Quanto à árvore de Natal, tem a sua origem na Alemanha, não se sabe bem quando. A sua universalidade deve-se ao casamento da Rainha Vitória com Príncipe Alberto de Saxe-Coburgo e Gotha, em 1840. O consorte trouxe a moda da árvore para a Grã-Bretanha e, como a Grã-Bretanha era a maior potência do mundo, depressa se espalhou por todos os continentes.

O Pai Natal é outra história. A sua origem seria São Nicolau, um bispo católico que viveu em Mira, na Ásia Menor – hoje em dia Turquia. Era um homem generoso, que no Natal tinha o hábito de enfiar pequenos presentes em peúgas e distribui-los pelas crianças pobres. Esta lenda espalhou-se lentamente pela Europa e também faz parte do folclore britânico do século XIX.

Em 1823 já era conhecido nos Estados Unidos, como atesta um poema de Clement Clarke Moore intitulado “Uma visita de São Nicolau”.

Em 1863 a revista Harper’s Weekly publicou uma ilustração de Thomas Nast que mostrava um senhor gorducho e bonacheirão, vestido com uma bandeira americana e a fumar cachimbo...

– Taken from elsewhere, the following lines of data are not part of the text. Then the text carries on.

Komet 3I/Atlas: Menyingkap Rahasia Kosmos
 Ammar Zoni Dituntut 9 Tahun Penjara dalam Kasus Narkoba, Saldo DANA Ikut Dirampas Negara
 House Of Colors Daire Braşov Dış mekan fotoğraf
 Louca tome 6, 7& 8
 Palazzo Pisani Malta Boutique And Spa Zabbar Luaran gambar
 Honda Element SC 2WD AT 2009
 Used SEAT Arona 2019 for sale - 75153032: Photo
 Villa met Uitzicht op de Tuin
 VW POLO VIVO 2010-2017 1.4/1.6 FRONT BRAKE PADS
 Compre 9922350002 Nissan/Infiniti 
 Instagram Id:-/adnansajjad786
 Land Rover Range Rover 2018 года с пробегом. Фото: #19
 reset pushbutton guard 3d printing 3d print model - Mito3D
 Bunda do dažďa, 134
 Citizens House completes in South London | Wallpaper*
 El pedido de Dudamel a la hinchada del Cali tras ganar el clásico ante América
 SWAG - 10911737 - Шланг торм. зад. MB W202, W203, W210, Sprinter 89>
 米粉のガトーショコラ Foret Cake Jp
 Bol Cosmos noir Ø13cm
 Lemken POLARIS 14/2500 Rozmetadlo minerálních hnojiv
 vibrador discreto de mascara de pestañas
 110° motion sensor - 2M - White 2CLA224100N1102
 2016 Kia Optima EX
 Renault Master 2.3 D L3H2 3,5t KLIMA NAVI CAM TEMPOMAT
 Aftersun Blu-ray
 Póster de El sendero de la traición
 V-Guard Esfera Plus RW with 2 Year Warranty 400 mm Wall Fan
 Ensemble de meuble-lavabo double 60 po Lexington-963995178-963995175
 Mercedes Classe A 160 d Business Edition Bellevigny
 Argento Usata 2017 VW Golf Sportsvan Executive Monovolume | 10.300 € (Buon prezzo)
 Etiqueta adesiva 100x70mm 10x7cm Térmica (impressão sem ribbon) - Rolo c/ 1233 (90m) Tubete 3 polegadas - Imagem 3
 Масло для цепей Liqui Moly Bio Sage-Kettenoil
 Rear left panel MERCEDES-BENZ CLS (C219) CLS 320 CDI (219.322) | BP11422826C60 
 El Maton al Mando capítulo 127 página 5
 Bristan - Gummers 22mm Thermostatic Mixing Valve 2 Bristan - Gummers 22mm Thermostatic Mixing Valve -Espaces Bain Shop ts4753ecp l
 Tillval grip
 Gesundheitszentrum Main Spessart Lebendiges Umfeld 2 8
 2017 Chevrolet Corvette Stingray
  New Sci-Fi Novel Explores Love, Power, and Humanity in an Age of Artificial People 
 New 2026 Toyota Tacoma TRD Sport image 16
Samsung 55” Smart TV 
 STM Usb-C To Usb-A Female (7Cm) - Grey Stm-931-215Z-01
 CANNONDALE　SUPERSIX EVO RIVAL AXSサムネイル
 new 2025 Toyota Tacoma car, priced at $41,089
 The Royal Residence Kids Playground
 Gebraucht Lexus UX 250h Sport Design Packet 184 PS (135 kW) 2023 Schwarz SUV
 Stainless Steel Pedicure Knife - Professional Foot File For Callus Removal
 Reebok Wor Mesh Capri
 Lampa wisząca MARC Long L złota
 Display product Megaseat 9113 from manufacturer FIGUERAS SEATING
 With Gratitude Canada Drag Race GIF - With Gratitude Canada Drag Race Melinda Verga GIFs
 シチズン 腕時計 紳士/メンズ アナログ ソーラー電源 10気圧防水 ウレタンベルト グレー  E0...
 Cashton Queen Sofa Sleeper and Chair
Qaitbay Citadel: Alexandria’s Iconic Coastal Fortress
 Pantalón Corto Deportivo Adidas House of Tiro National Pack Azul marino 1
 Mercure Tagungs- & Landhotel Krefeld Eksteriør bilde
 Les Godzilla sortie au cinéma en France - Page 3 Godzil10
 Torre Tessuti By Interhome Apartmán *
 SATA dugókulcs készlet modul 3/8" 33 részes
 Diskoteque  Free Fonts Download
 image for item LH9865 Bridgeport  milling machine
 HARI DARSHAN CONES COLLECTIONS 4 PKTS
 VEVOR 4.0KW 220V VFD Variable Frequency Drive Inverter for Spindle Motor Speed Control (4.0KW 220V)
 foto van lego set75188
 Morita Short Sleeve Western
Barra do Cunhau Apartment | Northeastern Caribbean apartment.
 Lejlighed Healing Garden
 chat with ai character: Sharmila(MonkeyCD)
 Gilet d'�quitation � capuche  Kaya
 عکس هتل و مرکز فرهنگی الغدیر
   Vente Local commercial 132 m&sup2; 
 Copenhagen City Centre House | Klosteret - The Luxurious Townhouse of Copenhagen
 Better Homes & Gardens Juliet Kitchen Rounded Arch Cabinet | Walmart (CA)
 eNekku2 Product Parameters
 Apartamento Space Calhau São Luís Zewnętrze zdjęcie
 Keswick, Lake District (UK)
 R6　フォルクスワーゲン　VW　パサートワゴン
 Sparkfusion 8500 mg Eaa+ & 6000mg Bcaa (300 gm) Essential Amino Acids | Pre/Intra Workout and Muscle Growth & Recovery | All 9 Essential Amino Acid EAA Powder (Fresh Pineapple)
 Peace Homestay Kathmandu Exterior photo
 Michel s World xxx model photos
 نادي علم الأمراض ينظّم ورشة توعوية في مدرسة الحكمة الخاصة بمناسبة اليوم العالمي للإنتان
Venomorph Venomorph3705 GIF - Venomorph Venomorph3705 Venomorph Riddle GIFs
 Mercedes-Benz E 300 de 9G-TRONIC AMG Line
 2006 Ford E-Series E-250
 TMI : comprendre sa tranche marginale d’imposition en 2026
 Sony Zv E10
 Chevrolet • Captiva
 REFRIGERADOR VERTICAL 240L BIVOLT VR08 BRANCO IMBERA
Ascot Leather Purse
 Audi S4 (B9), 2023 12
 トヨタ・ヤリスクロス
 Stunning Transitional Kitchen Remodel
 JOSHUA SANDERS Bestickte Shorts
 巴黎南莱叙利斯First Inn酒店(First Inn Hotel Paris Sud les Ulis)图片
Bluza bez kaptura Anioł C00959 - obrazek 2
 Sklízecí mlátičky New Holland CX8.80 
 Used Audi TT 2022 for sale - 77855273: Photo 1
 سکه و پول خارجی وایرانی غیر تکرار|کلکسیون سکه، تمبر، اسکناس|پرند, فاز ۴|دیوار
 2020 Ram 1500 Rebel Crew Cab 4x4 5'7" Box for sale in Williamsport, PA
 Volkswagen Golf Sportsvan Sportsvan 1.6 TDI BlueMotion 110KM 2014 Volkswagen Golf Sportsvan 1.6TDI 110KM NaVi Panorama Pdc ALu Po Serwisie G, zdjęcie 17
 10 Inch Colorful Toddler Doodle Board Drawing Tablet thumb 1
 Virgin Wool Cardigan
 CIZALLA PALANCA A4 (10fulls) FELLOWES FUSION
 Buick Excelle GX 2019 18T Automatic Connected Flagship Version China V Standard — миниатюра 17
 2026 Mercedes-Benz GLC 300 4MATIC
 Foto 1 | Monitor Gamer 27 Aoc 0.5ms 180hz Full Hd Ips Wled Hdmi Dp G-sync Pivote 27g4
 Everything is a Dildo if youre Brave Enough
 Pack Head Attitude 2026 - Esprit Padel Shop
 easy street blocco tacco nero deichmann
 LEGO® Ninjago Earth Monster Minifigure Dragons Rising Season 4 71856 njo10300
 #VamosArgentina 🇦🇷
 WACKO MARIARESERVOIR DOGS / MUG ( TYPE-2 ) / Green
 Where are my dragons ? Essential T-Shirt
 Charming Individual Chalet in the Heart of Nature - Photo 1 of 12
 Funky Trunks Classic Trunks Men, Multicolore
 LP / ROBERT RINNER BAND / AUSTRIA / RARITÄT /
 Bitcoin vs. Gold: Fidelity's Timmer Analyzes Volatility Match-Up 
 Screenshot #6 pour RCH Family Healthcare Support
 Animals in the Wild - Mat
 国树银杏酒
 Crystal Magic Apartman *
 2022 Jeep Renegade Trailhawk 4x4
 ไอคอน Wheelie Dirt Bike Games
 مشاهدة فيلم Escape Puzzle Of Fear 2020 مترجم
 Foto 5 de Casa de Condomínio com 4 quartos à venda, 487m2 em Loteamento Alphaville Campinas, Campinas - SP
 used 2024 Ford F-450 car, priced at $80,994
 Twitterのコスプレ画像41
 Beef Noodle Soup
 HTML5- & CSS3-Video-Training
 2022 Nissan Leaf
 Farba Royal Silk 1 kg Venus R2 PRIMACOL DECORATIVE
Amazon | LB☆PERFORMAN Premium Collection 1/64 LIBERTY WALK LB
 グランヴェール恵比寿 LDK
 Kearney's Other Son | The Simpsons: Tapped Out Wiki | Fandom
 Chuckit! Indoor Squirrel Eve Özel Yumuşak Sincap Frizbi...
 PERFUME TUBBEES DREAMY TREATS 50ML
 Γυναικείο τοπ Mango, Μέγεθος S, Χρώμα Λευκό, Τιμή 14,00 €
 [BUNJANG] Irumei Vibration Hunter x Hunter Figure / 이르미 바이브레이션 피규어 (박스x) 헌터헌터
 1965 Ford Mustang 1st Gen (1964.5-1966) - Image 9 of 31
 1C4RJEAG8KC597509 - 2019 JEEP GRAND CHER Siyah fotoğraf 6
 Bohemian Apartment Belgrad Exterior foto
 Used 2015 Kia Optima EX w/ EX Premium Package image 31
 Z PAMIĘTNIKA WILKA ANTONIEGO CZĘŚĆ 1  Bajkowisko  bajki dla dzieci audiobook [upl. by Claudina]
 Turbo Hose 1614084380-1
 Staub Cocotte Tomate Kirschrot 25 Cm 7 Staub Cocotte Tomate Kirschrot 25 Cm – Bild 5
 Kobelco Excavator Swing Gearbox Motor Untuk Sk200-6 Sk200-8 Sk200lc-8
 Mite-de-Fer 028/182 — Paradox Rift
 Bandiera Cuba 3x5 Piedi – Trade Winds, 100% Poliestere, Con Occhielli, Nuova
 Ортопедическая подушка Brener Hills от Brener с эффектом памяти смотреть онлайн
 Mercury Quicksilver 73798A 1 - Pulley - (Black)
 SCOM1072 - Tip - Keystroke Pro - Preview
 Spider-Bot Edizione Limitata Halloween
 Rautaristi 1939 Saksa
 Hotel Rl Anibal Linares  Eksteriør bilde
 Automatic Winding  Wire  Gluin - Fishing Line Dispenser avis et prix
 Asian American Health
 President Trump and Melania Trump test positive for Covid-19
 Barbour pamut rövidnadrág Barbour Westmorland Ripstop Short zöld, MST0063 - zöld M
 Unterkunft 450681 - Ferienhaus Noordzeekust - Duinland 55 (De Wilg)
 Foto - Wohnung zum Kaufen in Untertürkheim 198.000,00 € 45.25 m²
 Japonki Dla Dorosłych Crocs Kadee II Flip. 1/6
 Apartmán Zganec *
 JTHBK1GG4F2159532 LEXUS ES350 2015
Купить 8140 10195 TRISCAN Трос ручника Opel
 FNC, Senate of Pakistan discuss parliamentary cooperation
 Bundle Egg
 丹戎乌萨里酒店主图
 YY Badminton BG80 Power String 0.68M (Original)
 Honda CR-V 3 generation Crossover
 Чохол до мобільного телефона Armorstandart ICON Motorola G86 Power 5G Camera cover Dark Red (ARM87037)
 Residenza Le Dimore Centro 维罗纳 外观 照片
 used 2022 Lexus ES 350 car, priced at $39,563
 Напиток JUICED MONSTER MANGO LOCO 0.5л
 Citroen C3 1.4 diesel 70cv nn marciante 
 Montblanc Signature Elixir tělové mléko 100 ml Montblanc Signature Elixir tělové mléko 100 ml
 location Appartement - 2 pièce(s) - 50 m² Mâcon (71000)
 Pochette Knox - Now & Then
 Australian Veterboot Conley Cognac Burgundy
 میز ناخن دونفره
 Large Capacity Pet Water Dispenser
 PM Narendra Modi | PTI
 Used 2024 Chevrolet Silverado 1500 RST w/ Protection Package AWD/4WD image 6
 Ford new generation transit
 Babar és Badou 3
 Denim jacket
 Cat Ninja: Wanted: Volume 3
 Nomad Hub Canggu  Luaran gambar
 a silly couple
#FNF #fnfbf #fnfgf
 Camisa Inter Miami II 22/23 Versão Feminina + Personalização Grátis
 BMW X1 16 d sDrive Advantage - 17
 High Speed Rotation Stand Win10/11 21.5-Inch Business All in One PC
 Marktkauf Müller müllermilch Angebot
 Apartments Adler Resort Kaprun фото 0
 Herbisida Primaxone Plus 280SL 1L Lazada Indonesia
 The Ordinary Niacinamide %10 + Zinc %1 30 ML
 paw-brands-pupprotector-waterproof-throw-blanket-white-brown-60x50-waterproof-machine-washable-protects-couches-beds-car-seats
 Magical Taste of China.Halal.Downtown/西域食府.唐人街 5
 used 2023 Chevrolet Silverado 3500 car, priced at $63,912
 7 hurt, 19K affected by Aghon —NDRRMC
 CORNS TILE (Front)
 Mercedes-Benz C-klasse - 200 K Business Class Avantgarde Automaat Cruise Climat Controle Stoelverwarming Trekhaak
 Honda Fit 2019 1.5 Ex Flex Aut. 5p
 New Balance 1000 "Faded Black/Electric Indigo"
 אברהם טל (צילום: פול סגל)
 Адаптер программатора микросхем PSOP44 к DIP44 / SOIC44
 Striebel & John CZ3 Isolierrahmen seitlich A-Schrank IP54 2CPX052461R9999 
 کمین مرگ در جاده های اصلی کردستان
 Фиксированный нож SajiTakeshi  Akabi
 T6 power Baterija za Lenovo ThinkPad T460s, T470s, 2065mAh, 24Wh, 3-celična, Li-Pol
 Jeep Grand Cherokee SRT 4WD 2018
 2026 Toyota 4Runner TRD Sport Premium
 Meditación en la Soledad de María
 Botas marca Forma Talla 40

O Pai Natal vestido de vermelho com arminho branco, é uma invenção da... Coca Cola! Em 1932 o artista Haddon Sundblom pintou o primeiro anúncio da marca, com o bom velhinho a segurar uma garrafa da bebida.

Esta figura ganhou tanta força que hoje, nesta época pouco cristã, faz uma enorme concorrência ao menino Jesus nas palhinhas. Até o artista Andy Warhol, que adorava o Natal, desenhou muitos cartões com versões mais ou menos pop do ícone.

Assim vai evoluindo o Natal. Como será no final do século XXI, só Deus sabe. Deus, ou uma marca que na altura tenha força para impor nova imaginação. Uma coisa é certa: o Natal veio para ficar.